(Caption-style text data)
● ● ● ● ● ● ●
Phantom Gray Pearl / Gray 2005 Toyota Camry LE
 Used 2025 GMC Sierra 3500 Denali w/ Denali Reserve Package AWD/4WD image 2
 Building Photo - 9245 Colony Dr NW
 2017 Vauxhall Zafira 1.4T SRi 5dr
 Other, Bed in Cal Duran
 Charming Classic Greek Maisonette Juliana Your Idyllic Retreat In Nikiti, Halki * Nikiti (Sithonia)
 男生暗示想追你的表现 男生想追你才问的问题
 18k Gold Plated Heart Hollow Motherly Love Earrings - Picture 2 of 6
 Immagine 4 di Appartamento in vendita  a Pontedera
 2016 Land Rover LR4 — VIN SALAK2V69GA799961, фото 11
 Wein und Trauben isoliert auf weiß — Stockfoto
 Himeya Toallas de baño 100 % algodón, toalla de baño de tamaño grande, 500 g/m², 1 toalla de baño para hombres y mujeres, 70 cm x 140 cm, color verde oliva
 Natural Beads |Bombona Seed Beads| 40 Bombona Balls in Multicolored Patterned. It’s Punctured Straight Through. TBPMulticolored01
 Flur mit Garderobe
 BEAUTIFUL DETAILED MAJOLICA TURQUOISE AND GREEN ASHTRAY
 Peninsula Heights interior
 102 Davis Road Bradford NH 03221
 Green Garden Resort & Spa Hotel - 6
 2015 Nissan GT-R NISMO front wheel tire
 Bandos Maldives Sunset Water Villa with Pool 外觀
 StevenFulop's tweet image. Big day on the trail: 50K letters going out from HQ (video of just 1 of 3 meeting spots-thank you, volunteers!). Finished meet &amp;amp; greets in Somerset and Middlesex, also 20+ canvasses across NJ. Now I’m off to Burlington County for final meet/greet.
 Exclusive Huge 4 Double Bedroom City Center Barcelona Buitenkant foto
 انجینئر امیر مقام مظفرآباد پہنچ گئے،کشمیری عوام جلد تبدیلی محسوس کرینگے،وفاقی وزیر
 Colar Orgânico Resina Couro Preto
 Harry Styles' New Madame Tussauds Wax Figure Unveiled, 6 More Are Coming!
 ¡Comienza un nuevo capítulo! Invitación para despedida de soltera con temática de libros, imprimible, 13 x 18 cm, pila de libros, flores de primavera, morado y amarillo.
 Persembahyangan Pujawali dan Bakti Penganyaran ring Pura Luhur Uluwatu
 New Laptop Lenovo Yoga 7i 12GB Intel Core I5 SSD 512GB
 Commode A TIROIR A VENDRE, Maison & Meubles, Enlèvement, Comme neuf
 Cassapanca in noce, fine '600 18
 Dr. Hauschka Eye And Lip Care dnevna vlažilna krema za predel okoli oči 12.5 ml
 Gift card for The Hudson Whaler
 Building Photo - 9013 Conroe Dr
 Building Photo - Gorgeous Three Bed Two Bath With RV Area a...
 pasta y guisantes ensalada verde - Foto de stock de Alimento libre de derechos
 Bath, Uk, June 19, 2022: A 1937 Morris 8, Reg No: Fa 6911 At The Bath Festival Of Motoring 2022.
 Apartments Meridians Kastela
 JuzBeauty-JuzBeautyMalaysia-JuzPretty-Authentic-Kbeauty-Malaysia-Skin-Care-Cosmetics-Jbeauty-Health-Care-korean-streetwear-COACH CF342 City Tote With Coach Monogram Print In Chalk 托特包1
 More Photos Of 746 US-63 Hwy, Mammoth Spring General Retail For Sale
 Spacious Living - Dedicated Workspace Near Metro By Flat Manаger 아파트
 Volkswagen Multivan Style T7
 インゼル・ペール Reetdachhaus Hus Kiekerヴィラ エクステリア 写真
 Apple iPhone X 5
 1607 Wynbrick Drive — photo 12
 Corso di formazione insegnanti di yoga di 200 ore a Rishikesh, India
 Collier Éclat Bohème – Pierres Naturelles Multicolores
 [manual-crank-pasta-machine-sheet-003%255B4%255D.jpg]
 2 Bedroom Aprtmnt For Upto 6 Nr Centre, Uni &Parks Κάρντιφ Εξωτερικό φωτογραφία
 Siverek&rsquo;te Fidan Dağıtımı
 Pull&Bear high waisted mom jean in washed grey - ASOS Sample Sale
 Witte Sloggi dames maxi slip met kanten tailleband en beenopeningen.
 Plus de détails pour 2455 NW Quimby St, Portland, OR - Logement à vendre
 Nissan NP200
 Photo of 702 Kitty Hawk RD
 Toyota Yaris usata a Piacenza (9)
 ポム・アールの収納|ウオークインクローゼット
● ● ● ● ● ● ●
→ Exercise objective: Go through the data and show every line where "Toyota" occurs.

→ Result for this task:
Phantom Gray Pearl / Gray 2005 Toyota Camry LE
 Toyota Yaris usata a Piacenza (9)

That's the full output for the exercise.